When I hear the word “security” my 29-year-old mind still pictures the Peanuts character Linus and the dirty raggedy blanket he always dragged around with him.  A GCC high school student said security makes her think of a safe place.  She feels most secure when she is giving and receiving a hug. I imagine the majority of GCC adults think of a different set of words, like financial security and job security. Not quite as warm and delightful as blankets and hugs, right?

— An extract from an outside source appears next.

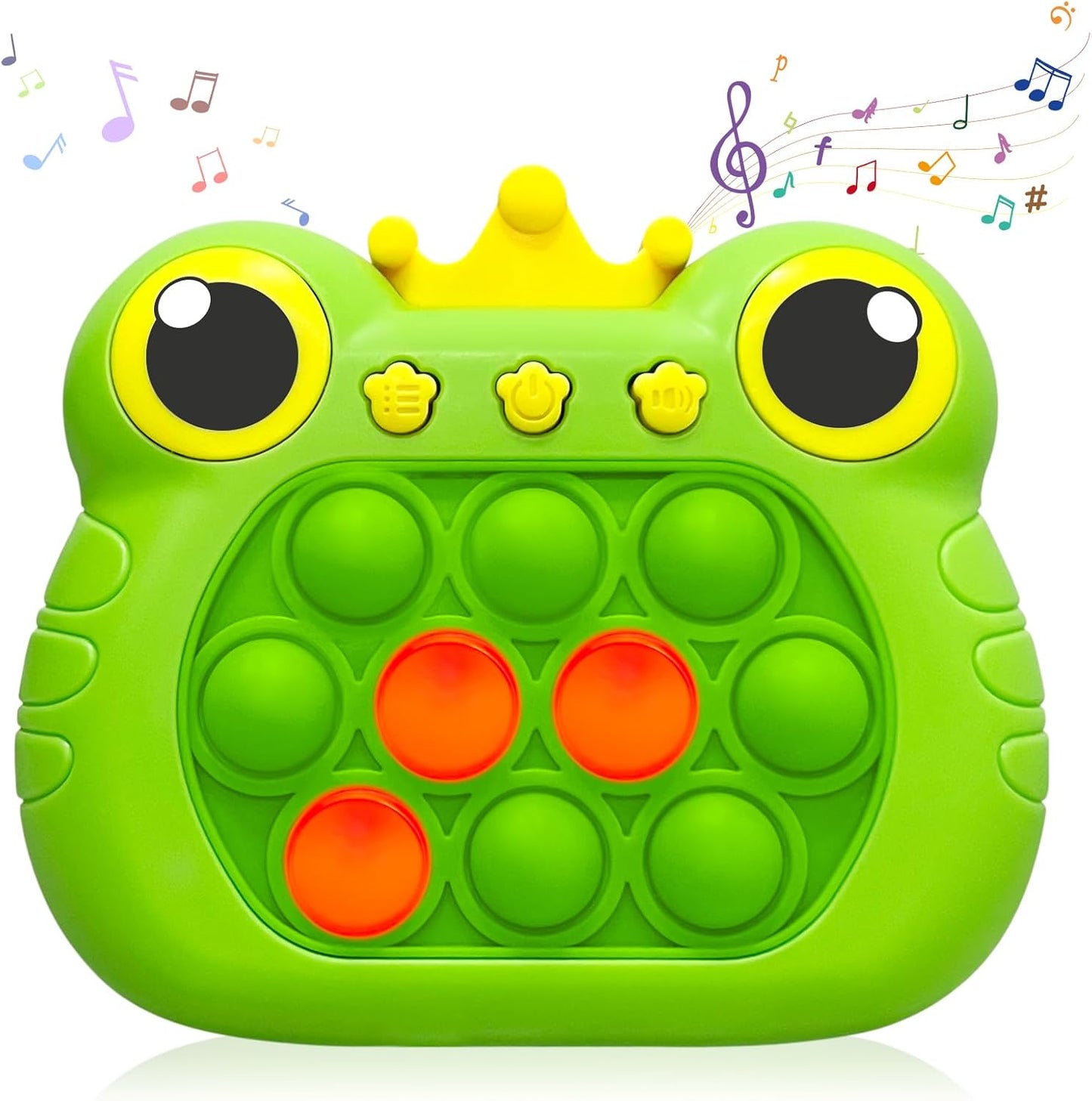 Pop Quick Push Game Console Fidget Toys Light Up Handheld Puzzle Press Popping Toy for Kids Adult Cute Green Frog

I’d be lying if I said I never struggle with the heart idol of security.  I long to see the day when my parents no longer help with my cell phone bills and my car insurance. Typically the words “job security” and “ministry” don’t end up in the same sentence together.  I look back to relationships in the past I had to say goodbye to for one reason or another, and I fear my current relationships may go through that same painful process.

Regardless of our age, we all long to feel secure– whether it be in an amount in our bank account, in our jobs, in our relationships, in our grades, or in our health.  Security appears to provide us with protection from the scary unknown that is our future.  Security is often associated with stability in that we long to have more than enough to meet all of our needs and keep all of our ducks in a row.  Money to pay the bills, a steady job, loyal friends, and good health aren’t bad things to desire. However, these good things can become a problem when they are turned into ultimate things as Tim Keller says.

The second something threatens to knock one of our ducks out of line – rumors of layoffs at work, news of a good friend’s move, a difficult time in your marriage, receiving a call from the doctor regarding test results – we often abandon our trust in God’s provision for us.  We go into self-preservation mode, working and striving with everything we have to secure the things under attack.   I don’t know about you, but I haven’t had any success yet in my attempts to fill in for God.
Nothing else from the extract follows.